Que tous les mélancoliques soient des êtres d'exception, voilà une conclusion qui peut embarrasser le lecteur. Pourtant, comme nous l'avons montré, le terme de perittoi ne signifie pas nécessairement dans ce contexte « génie », bien que le sens d'« anormal » ne soit pas non plus entièrement acceptable en relation avec « par nature » (en fait, il s'agit d'une condition restrictive, issue de l'opposition nature / maladie), parce qu'on pourrait conclure que les mélancoliques sont naturellement maladifs, ce qui est visiblement un contresens. Il y a une certaine difficulté à saisir le sens juste de cette dernière phrase, et qui est due au fait qu'Aristote prend en compte la nature polymorphe du mélancolique. Il n'y a pas un, mais plusieurs caractères mélancoliques, issus de dispositions et circonstances différentes. Mais chez tous existe la possibilité du bon mélange, de la bonne complexion qui éventuellement pourra produire le caractère du génie. Tous ne sont pas des génies, cela s'entend, mais en revanche ils sont tous des individus hors règle, car le changement rapide des qualités peut entraîner des renversements insoupçonnés. Tel héros reconnu pas la communauté des guerriers deviendra fou en massacrant un troupeau de moutons à la place des ennemis, tel autre sera envahi de dégoût et de lâcheté en cherchant la solitude. Autrement dit la bile noire d'Ajax se sera chauffée à l'excès, alors que celle de Bellérophon aura atteint l'état de froideur extrême, nous dirait le fils d'Asclepios.

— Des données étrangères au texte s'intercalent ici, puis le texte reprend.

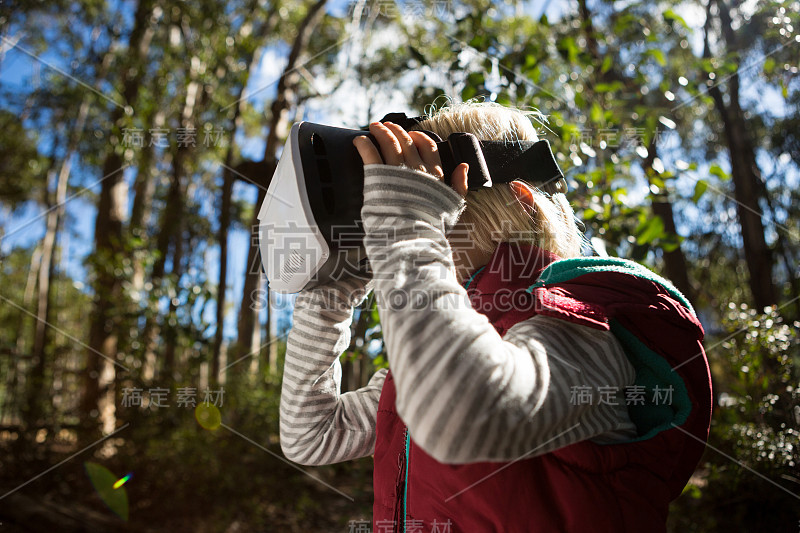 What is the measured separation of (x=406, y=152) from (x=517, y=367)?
34 centimetres

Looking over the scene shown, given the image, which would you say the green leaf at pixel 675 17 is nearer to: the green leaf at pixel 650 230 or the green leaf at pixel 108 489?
the green leaf at pixel 650 230

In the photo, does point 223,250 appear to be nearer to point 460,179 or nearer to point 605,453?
point 460,179

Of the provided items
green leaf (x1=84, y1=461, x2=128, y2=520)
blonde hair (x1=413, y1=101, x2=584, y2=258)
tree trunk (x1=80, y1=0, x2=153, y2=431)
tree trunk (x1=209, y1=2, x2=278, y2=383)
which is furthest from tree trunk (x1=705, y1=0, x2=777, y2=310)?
green leaf (x1=84, y1=461, x2=128, y2=520)

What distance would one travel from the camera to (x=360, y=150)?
77 cm

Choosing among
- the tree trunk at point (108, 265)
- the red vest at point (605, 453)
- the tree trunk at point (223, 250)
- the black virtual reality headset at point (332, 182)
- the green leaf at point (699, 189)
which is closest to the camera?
the red vest at point (605, 453)

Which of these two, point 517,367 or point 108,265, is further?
point 108,265

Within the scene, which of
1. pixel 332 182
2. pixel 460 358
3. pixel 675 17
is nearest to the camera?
pixel 460 358

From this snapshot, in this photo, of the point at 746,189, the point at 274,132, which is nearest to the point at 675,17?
the point at 274,132

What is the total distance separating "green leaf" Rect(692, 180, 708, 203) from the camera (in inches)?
69.6

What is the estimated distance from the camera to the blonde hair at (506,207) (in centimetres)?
90

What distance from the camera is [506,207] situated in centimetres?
91

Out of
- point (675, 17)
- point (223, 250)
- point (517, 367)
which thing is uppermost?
point (223, 250)

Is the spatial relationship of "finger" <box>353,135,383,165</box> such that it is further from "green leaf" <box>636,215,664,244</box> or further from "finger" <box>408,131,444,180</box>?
"green leaf" <box>636,215,664,244</box>

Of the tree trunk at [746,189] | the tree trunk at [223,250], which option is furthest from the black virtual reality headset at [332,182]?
the tree trunk at [746,189] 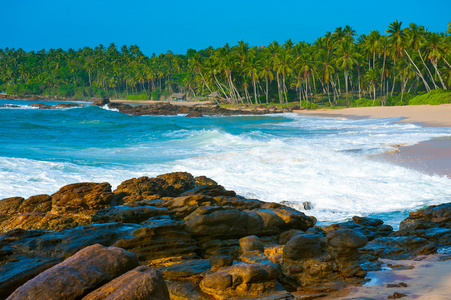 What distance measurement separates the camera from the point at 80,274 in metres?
4.34

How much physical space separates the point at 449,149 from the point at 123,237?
59.7 feet

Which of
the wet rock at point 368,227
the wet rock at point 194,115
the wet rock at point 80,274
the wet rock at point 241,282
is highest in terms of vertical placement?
the wet rock at point 194,115

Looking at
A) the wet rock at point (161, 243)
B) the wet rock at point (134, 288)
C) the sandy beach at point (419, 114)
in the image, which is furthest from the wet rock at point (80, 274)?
the sandy beach at point (419, 114)

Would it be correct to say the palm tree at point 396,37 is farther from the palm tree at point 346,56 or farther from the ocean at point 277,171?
the ocean at point 277,171

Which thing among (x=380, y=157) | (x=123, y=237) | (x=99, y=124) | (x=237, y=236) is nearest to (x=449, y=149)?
(x=380, y=157)

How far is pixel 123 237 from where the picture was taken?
6422 mm

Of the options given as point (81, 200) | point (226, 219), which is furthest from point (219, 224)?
point (81, 200)

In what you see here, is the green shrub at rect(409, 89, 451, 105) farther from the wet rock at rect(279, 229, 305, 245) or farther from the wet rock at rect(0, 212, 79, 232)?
the wet rock at rect(0, 212, 79, 232)

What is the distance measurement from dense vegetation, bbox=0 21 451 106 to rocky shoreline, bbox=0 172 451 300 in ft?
188

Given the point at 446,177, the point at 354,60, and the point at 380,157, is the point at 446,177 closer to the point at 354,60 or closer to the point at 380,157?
the point at 380,157

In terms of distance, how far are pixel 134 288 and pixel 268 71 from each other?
7413cm

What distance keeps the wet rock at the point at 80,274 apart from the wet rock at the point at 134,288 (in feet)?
0.44

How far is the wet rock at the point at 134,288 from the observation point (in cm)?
411

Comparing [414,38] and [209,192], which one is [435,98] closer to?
[414,38] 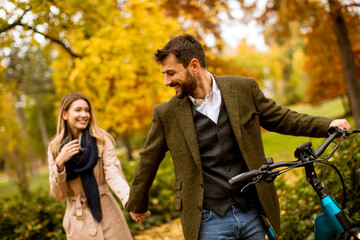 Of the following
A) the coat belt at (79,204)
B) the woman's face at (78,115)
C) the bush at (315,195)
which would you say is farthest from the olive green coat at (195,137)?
the bush at (315,195)

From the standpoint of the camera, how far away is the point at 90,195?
2992 mm

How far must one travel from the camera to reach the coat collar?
2.20 m

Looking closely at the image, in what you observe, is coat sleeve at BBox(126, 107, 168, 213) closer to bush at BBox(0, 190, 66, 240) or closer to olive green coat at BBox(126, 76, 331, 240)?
olive green coat at BBox(126, 76, 331, 240)

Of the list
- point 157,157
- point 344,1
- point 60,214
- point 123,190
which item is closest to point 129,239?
point 123,190

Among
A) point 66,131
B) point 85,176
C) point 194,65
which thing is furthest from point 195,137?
point 66,131

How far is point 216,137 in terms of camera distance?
7.34 ft

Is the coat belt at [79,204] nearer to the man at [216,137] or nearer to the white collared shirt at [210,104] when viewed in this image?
the man at [216,137]

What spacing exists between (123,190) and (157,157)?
30.5 inches

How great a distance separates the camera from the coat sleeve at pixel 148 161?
241 cm

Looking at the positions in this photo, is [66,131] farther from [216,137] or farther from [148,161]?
[216,137]

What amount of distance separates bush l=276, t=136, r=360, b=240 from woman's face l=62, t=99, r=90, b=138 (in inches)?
97.2

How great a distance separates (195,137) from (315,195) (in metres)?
2.15

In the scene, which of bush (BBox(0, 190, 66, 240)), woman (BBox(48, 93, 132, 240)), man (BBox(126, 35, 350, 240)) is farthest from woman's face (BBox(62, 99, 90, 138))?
bush (BBox(0, 190, 66, 240))

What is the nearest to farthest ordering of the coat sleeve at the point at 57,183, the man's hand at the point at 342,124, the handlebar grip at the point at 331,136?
the handlebar grip at the point at 331,136 → the man's hand at the point at 342,124 → the coat sleeve at the point at 57,183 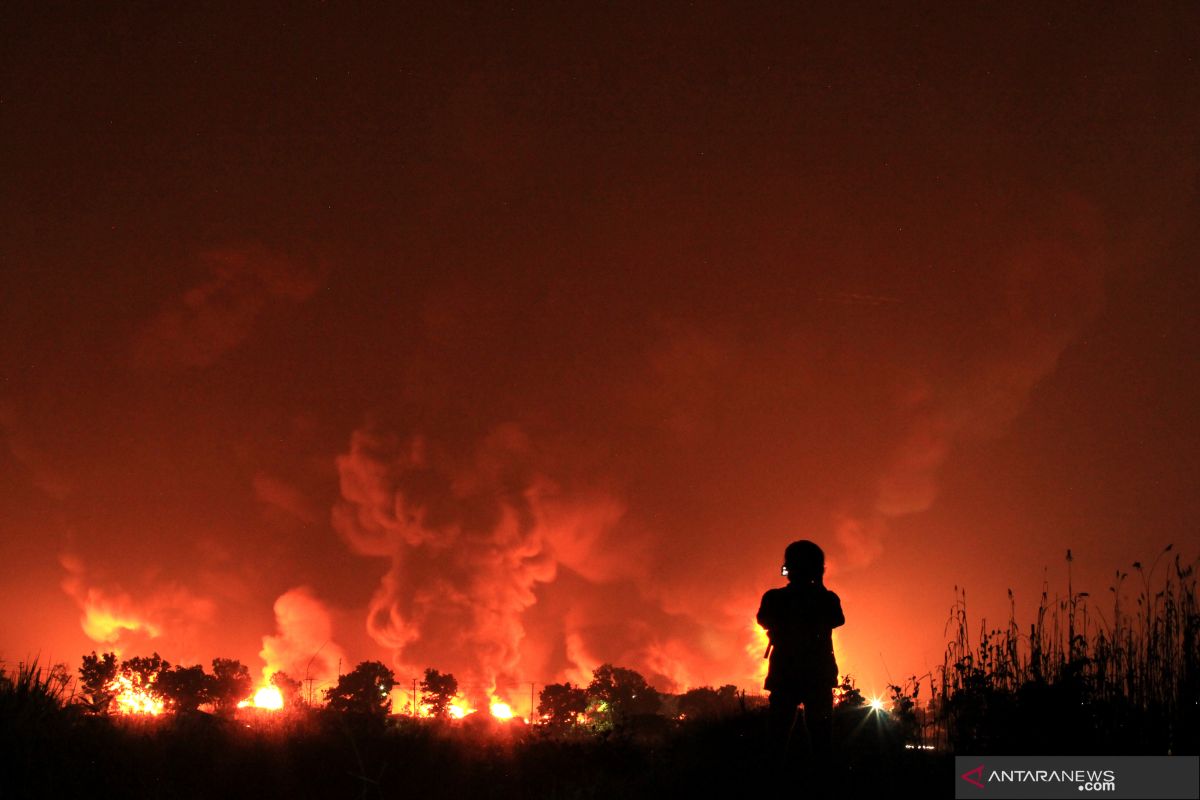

Enfin, le troisième, considéré comme fou par tous ses concitoyens, sera, à la fin de la consultation accordée par le même médecin, un « sage entre les sages ». Chez celui–ci l'humeur mélancolique se sera manifestée pleinement, dans le sens de la « bonne » et tempérée complexion qui engendre un caractère exceptionnel, capable d'élever Démocrite - puisque c'est de lui qu'il s'agit - à cette vision super–philosophique dont le résultat est un rire ambigu : fou, sage ou méchant, selon l'horizon de celui qui l'interprète... Il est intéressant de remarquer à cet égard la métamorphose négative que subit sa figure au XVIIIe siècle : « Celui qui rit toujours et de tout, est non seulement un insensé, mais un méchant... Le visage du rieur perpétuel doit se dégrader ainsi que son âme, et devenir enfin insupportable », ajoute le commentaire de Lavater sur une gravure de Rubens qui représente un Démocrite rieur.

Mais il n'en reste pas moins mélancolique. L'intuition première d'Hippocrate avait été la bonne, à une différence près : il ne s'agissait pas de maladie, mais de mélancolie naturelle, et particulièrement de la bonne crase dont Aristote avait parlé dans son Problème.
En ce qui nous concerne, le rire de Démocrite est non seulement un masque, comme le voulait Jean Starobinski, mais aussi une thérapeutique contre cette tristesse dévastatrice, note commune de toutes les mélancolies dont les arts témoignent au fil des siècles.